Nu als gevolg van de schending van de inlichtingenverplichting niet kan worden vastgesteld of appellanten ten tijde van belang in omstandigheden verkeerden als bedoeld in artikel 11, eerste lid, van de WWB, is het college op grond van artikel 54, derde lid, aanhef en onder a, van de WWB, bevoegd over te gaan tot intrekking van de bijstand. Wat appellanten hebben aangevoerd, vormt geen grond voor het oordeel dat het college niet in redelijkheid tot intrekking van bijstand heeft kunnen besluiten.
4.7.
Uit 4.6 vloeit voort dat aan de voorwaarden voor toepassing van artikel 58, eerste lid, aanhef en onder a, van de WWB is voldaan, zodat het college bevoegd is tot terugvordering van de ten onrechte verleende bijstand.
4.8.
De rechtbank heeft terecht geoordeeld dat van een verjaring van (een deel van) de vordering geen sprake is. Op grond van het bepaalde in artikel 3:309 van het Burgerlijk Wetboek verjaart de rechtsvordering uit onverschuldigde betaling door verloop van vijf jaren na de aanvang van de dag, volgende op die waarop de schuldeiser zowel van het bestaan van zijn vordering, als met de persoon van de ontvanger bekend is geworden. Aansluiting zoekend bij dit artikel, vangt de verjaringstermijn voor het nemen van een terugvorderingsbesluit met betrekking tot een onverschuldigde betaling van bijstand aan op het moment dat het bijstandverlenend orgaan bekend is geworden met feiten of omstandigheden waaruit kan worden afgeleid dat aan de betrokkene wellicht ten onrechte bijstand is verleend. In het geval van appellanten is dat moment niet eerder aangebroken dan na de afronding van het opsporingsonderzoek en de daarvan opgemaakte rapportage van 28 augustus 2012. Gelet hierop treft het beroep van appellanten op verjaring geen doel.
4.9.
Ten slotte heeft de rechtbank terecht geoordeeld dat voor een analoge toepassing van de zesmaanden-jurisprudentie geen plaats is indien, zoals in dit geval, de inlichtingenverplichting is geschonden. Wat appellanten hierover in hoger beroep hebben aangevoerd, vormt geen aanleiding in dit geval hierop een uitzondering te maken. Overigens is de in 3 vermelde informatie van de politie, waarop appellanten zich beroepen, op zich ontoereikend om te kunnen worden beschouwd als een in die jurisprudentie bedoeld signaal.
4.10.
Het hoger beroep slaagt niet, zodat de aangevallen uitspraak bevestigd moet worden.
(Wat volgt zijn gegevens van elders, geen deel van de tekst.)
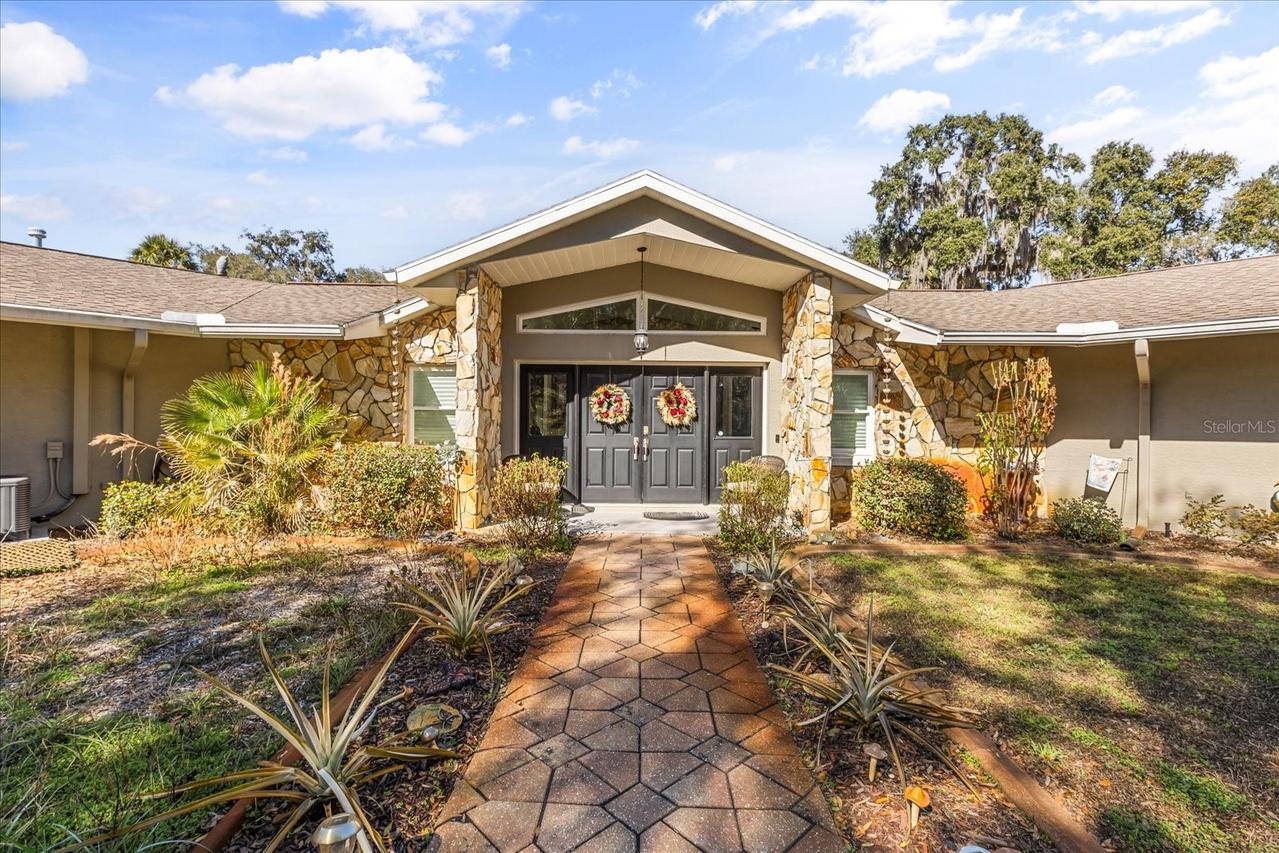 1423 N Lagoon Point, Inverness, FL 34453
5. Voor een veroordeling in de proceskosten bestaat geen aanleiding.

BESLISSING

De Centrale Raad van Beroep bevestigt de aangevallen uitspraak.
Deze uitspraak is gedaan door O.L.H.W.I. Korte als voorzitter en E.C.R. Schut en
J.T.H. Zimmerman als leden, in tegenwoordigheid van C.M.A.V. van Kleef als griffier. De beslissing is uitgesproken in het openbaar op 3 maart 2015.